2- ETKİLİ YÖNETİM İş fikrini ticarileşmeye taşıyacak olan Ar-Ge ve üretim aşamalarının etkili yönetimi başarıyı getirir. Aksi takdirde bunun sonuçları şöyle olur: Ar-Ge odağına takılıp kalmak, ticarileşmeye geçememek. Teknik uzmanlık dışındaki alanlarda proje ve ürünlere yönelip, güvenilirliği sağlayamamak. Proje veya ürünler için profesyonel tedarik kanallarıyla çalışamamak. Proje yönetim tekniklerini kullanmamak, Ar-Ge sürecini yönetememek. Düşük maliyetli, verimli üretim çabalarını öncelikler arasına almamak. Tek bir ürün ya da projeyle ilerlemek. Geliştirilen ürünün piyasaya sürümünde geç kalmak
3-ÖLÇEKLENME Teknolojik girişimcilikte ölçeklenme pazarlama başarılarına bağlıdır. Buna ulaşamamanın nedenlerini şöyle sıralayabiliriz: Pazarlama bilgi ve yöntemlerinden uzak olmak. Teknolojik fikri ürün haline getirememek.
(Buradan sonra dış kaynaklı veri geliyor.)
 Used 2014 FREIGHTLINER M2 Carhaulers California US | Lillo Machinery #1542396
Maliyet tespiti ve buna bağlı olarak fiyatlama yapamamak. İş fikrinin yapılabilirliğini pazar ve finansman analizleri ile ortaya koyamamak. Projenin ya da ürünün en doğru müşteri kitlesine yönelik gelişimini sağlayamamak. Talebi tam olarak anlayıp ürünü bu talebe uygun özelliklere ya da çeşitliliğe dönüştürememek. Rakipleri tanımlayamamak. Satış tahmini yapamamak. Talep kitlesine hızlı ve yaygın şekilde ulaşacak iş modeli kuramamak. Talebi oluşturan faktörleri tanımlayamamak. En doğru müşteri kitlesine ulaşamamak.
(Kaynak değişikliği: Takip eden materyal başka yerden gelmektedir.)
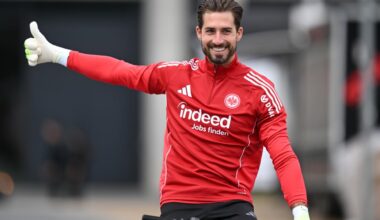 Kevin Trapp au Paris FC, c'est officiel - France - Paris FC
4-TİCARİLEŞME Teknoloji girişimciliğinde ticarileşme ürün kadar yönetim sistemine bağlıdır. Ticarileşmenin önündeki engelleri şöyle ortaya koyabiliriz: Teknik konularda sahip oldukları güveni, girişimcilik ve yöneticilik konularında gösterememek. Projenin ticarileşme aşamasına geçerken yönetim yapılanmasını tamamlayamamak. Operasyonel iş süreçlerini oluşturamamak. Ar-Ge ve ticarileşme döneminde ekiplere iş dağılımı yapamamak. Yönetim sistemini etkin işletememek.
5-SÜRDÜRÜLEBİLİRLİK Sürdürülebilirlik finansal yönetimin etkinliğine bağlıdır. Sürdürülebilirliğin mümkün olmama gerekçeleri de şöyle: Yeterli başlangıç sermayesine ulaşamamak. Finansal destek kurumlarıyla yeterli iletişim kuramamak. Destek programlarından etkili bir şekilde yararlanamamak. Büyük müşteriler ile ilişkiyi yönetememek. Yanlış fiyatlamalarla satış süreçlerini ve finansman akışını zora sokmak. Katma değerli ürünleri kara dönüştürememek. Alternatif ciro kanalları oluşturamamak.